▶ [WHAT YOU SHOULD DO]
Please transcribe, word for word, the line containing "(SNAP-Ed), University of" and every line after it through the end of the records below, and nothing else.

▶ [GIVEN RECORDS]
════════════════════
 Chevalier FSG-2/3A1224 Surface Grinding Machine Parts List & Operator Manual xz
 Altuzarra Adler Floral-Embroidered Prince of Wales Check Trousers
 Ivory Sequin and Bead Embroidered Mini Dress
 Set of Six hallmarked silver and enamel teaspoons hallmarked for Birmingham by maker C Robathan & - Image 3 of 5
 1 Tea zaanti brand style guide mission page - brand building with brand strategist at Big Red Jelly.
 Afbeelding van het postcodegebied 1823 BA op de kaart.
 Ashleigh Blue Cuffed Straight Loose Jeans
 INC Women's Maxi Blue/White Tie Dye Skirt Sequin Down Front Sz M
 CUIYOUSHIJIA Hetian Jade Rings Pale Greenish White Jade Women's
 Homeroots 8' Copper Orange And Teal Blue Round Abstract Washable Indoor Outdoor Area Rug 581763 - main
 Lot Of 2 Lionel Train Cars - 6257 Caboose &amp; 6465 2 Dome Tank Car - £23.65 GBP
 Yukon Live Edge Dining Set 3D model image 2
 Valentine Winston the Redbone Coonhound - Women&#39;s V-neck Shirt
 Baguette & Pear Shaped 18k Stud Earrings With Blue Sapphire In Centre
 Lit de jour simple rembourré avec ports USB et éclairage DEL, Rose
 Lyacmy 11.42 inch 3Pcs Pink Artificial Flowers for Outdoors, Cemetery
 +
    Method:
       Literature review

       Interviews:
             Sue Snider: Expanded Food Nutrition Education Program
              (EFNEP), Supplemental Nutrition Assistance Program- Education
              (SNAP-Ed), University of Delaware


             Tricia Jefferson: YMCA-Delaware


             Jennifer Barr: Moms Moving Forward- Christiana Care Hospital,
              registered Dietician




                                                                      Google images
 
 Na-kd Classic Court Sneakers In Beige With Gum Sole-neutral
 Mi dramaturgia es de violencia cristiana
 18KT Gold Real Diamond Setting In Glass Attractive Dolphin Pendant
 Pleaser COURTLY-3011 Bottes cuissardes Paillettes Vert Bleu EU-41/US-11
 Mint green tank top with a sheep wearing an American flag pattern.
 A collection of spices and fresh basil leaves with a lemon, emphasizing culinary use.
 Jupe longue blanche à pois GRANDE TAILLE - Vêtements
════════════════════
▶ [RESPONSE TO THIS TASK]
              (SNAP-Ed), University of Delaware


             Tricia Jefferson: YMCA-Delaware


             Jennifer Barr: Moms Moving Forward- Christiana Care Hospital,
              registered Dietician




                                                                      Google images
 
 Na-kd Classic Court Sneakers In Beige With Gum Sole-neutral
 Mi dramaturgia es de violencia cristiana
 18KT Gold Real Diamond Setting In Glass Attractive Dolphin Pendant
 Pleaser COURTLY-3011 Bottes cuissardes Paillettes Vert Bleu EU-41/US-11
 Mint green tank top with a sheep wearing an American flag pattern.
 A collection of spices and fresh basil leaves with a lemon, emphasizing culinary use.
 Jupe longue blanche à pois GRANDE TAILLE - Vêtements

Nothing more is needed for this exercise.